David Négrier CTO

WorkAdventure is a platform that uses, at its core, a video-game engine, to provide a virtual office environment. Because the application is a virtual office, it needs to run 100% of the time, in the background. It is therefore important that the application does not draw too much power (which causes laptops to overheat, battery to drain faster and computers to be less responsive)

Article updated on April, 28th to add impact of canvas resolution on Power consumption and fixing the Game.step method.

In this article, I'll describe the steps I went through to reduce the power usage of WorkAdventure. WorkAdventure is based on the Phaser game engine, and is rendering the game using Tilemaps.

Because WorkAdventure uses the "Request Animation Frame" API, the browser is already doing quite a bit of optimization by itself. In particular, the game loop is stopped if the browser window is not visible (this is of course stopping any energy consumption from the engine). What I am interested in is reducing power consumption when the game is visible (either because the application is at the foreground or because the application runs on a secondary monitor...)

Measuring power consumption / CPU & GPU load

Measuring CPU & GPU load of an application like WorkAdventure is actually quite complex. Load is split on the CPU and the GPU, and classic tools (like top) are doing finally a poor job at explaining what is going on.

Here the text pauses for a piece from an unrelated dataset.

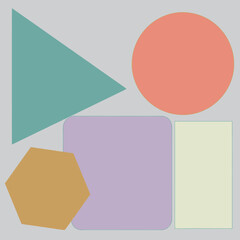 Minimalist Abstract Vector Art with Bold Geometric Shapes and Muted Color Palette
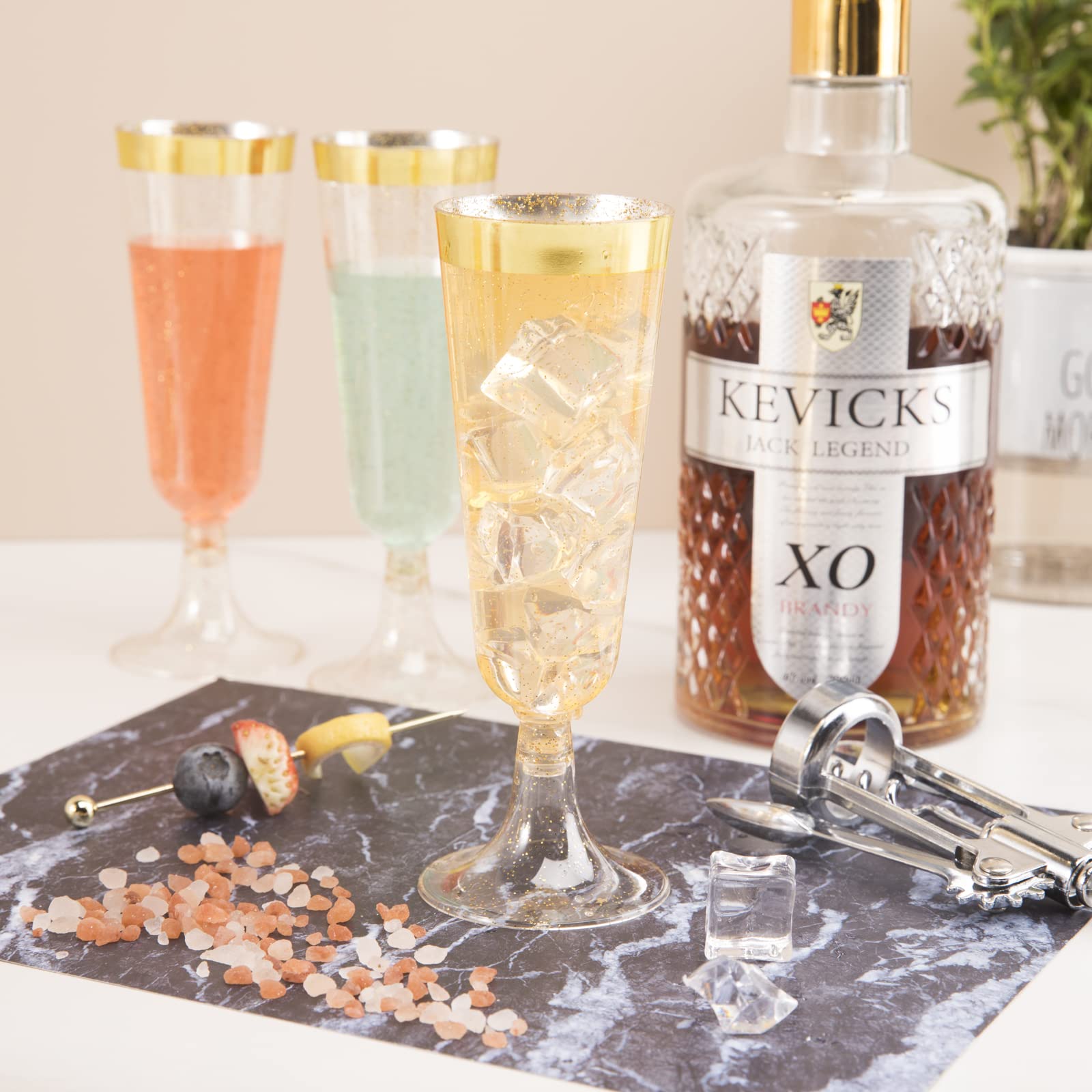 WDF champagne flutes sparkle under lights for weddings and holiday gatherings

We use 2 tools to measure energy consumption:

  • Google Chrome task manager. It can analyze the amount of CPU used by a tab, and by the GPU (with the asumption that higher CPU/GPU usage means higher energy consumption)
  • the powertop utility on Linux that can measure the rate at which a battery is unloading. This gives us a coarse value, but is also the only measure that is actually looking at the speed at which batteries are drained

Test bench

Tests are performed on a Dell XPS 9550. Screen luminosity is set to minimum. The browser is actually displayed on an external monitor. No programs are running except the browser (and powertop).

OS: Ubuntu 20.10
Graphics card: Mesa Intel® HD Graphics 530 (SKL GT2)

Base consumption when computer is idle is measured at ~11W.

Starting point

Our starting point is WorkAdventure, version 1.2.6.
WorkAdventure is internally using the Phaser game engine.
Version 1.2.6 uses Phaser 3.24.

The scene we are working on is a simple map, using tilemaps designed with Tiled:

Phaser internally uses WebGL if available. Before Phaser v3.50, Phaser is using a single texture in the WebGL pipeline. This means that when drawing a sprite, the texture needs to be loaded from the RAM to the GPU. If the next sprite is on a different spritesheet, the previous texture will be flushed from the GPU and a new texture will be loaded.

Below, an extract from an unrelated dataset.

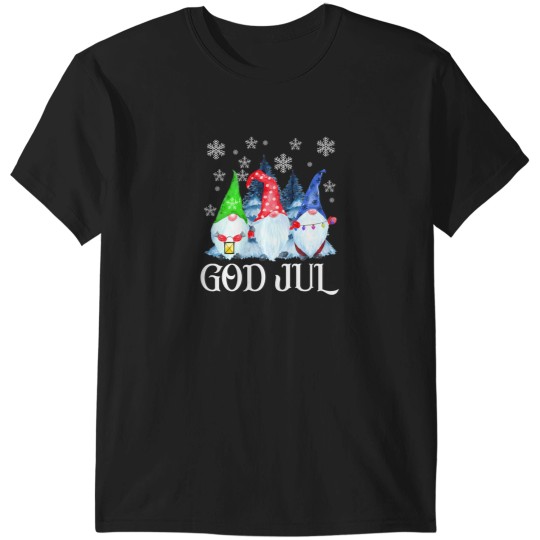 Discover God Jul Nordic Gnomes Tomte Nisse Scandinavian Swedish Norwegian Christmas T-Shirts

Each texture switching will incur an additional "draw" call. And it is a good practice to reduce draw calls.

In order to measure the number of draw calls, we can use SpectorJS. It is a browser extension that can be used to debug calls to the WebGL API.

Using Phaser 3.24, the number of draw calls measured with our test map is ~60 calls.

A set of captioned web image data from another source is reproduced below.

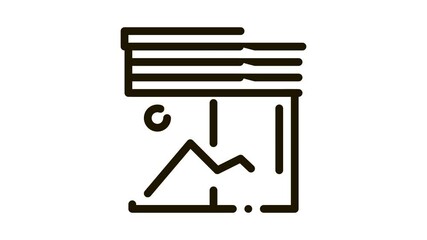 Poster - office window Icon Animation. black office window animated icon on white background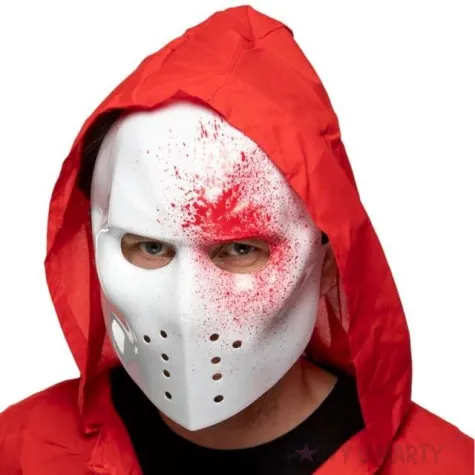 maska jason z krwia piatek 13 biala partypal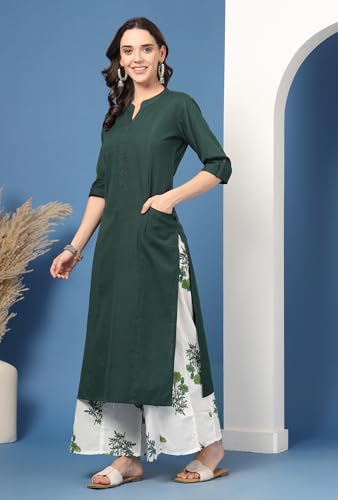 Image of Pistaa's Women's Regular Fit Cotton Solid Kurta Palazzo Set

That can certainly be optimized.

Looking at the performance tab in Chrome, we can see something like this for each frame:

Phaser performs the rendering of each frame in 2 steps:

  • First, call the update method of the scenes (0.35ms)
  • Second, call the render method of the scenes (1.13ms)
  • GPU time spent per frame (0.77ms)

Step 1: migrating to Phaser 3.54

Starting with Phaser 3.50, Phaser comes with multi-texture support. The number of textures you can load depends on the browser and on the GPU you are using.

On my machine, I can load up to 32 textures in the GPU at once. This should be enough for a map (but could be not enough if there are many characters displayed, since in WorkAdventure, characters all have their specific spritesheet). The value varies with your hardware. The only thing we know is that we can put at least 8 textures in the GPU (this is mandated by the WebGL spec).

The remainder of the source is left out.